Your first priority is to put the kettle on and make a strong coffee.
The chances of you drinking it hot are negligible but you make it optimistically nonetheless.
Persuading everyone to get dressed
You wrestle clothes onto your toddler and nag older children to get dressed ready to face the day.
Your threenager insists on wearing her new shark costume accessories with wellies and sunglasses for the school run. You’re too tired to argue.
You spend at least 10 minutes searching for a lost item of clothing. Finally everyone is dressed.
2 minutes to get yourself ready
You only have time to pull on yesterday’s jeans, a hoodie and to spray a bit of dry shampoo in your hair and bung it in a messy parent-bun.
You tell everyone that it’s ‘Messy-Hair-Don’t-Care.’ The truth is you do care, you’ve just lowered your standards drastically since becoming a parent.
The great Breakfast Debacle
You pour out different cereals into different coloured bowls so as not to upset fragile small people at this unearthly hour.
Child number one wants Shreddies in a blue bowl, child number two wants Cornflakes in a the yellow bowl.
They spend 10 minutes looking at their cereal before they can be persuaded to take a bite.

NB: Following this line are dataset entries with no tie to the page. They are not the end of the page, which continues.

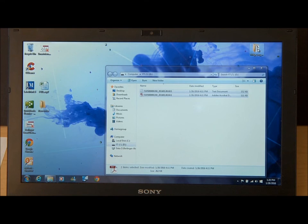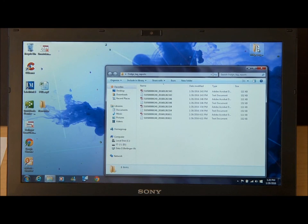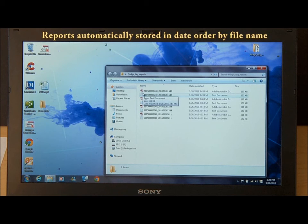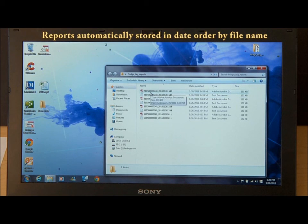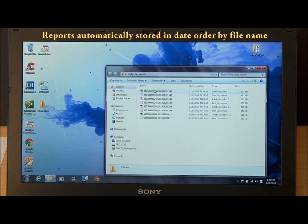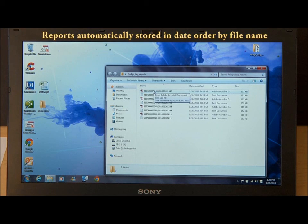If we open that folder, you'll see multiple reports stored by the automated file name which includes the serial number of the Fridgetag 2 and the date and time that the report was generated, so that the top report in your file is always the most recent report.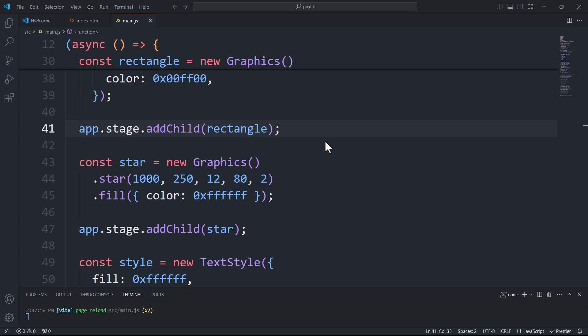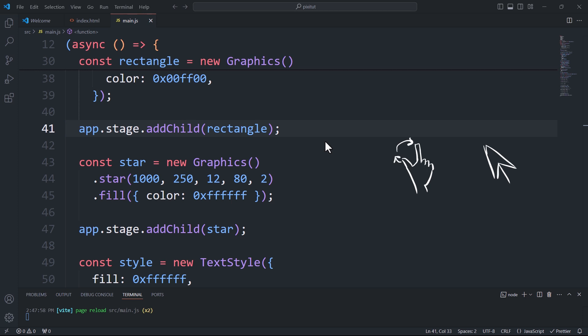Pixie.js offers a variety of pointer events to meet all your interactivity needs. By pointer events, I mean mouse events for desktop applications and touch events for devices like tablets and phones.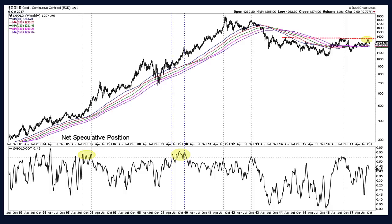Now let's look at gold. This is a weekly bar chart of gold with the net speculative position at the bottom as a percentage of open interest. Gold rallied up to important trend line resistance — I believe it peaked around 1361–1362; the high in 2016 was around 1375. Looking at the short term: gold closed Friday at 1275. The rally target is going to be 1300, maybe a little bit higher — 1307, 1310. I think if this is just a short-term rebound, 1307–1310 would be the best you can hope for, and it will probably test 1300.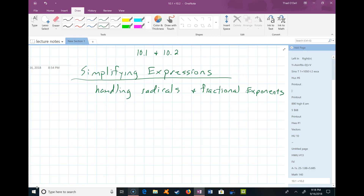Welcome back to Math 140, also known as College Algebra video series. This is the next installment in Simplifying Expressions. We've talked about handling exponents properly, and we've talked about recognizing like terms. And now we're going to talk about the proper handling of radicals and discuss what fractional exponents mean.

Your toddler cries because you cut the toast in triangles instead of squares.
Approximately 3087 bits of cereal end up on the floor. You’ll deal with them later.
Making packed lunches
With no time to eat breakfast yourself you speed around making packed lunches.
Your stomach heaves as you mix up tuna mayo at such an early hour.
You scramble about looking for fruit that doesn’t need cutting and any biscuits that are left.
Household chore multi-tasking
While whizzing around doing breakfast/lunches you also start the dishwasher, bung a load of laundry in the washing machine and sweep up a pile of recycling to take out to the bins.
You throw two baby wipes on the floor and skate about to mop it.
You do a quick stock take of the fridge and freezer and work out what you need to pick up from the shops on your way back from the school run.
Microwaving your cup of coffee
You whiz your cuppa in the microwave and take two sips.
Getting everyone dressed (again)
In the 2 minutes you took to drink a sip of coffee your eldest child managed to spill milk all over her school jumper.
Your toddler is now completely naked, running round the table with pants on his head.
You coax everyone back into clothes.
Nagging everyone to brush their teeth
Sigh. This one’s hard.
You’ve read all the tips for cheering your kids along to get them to brush but time’s ticking on and you really just need to get this task done.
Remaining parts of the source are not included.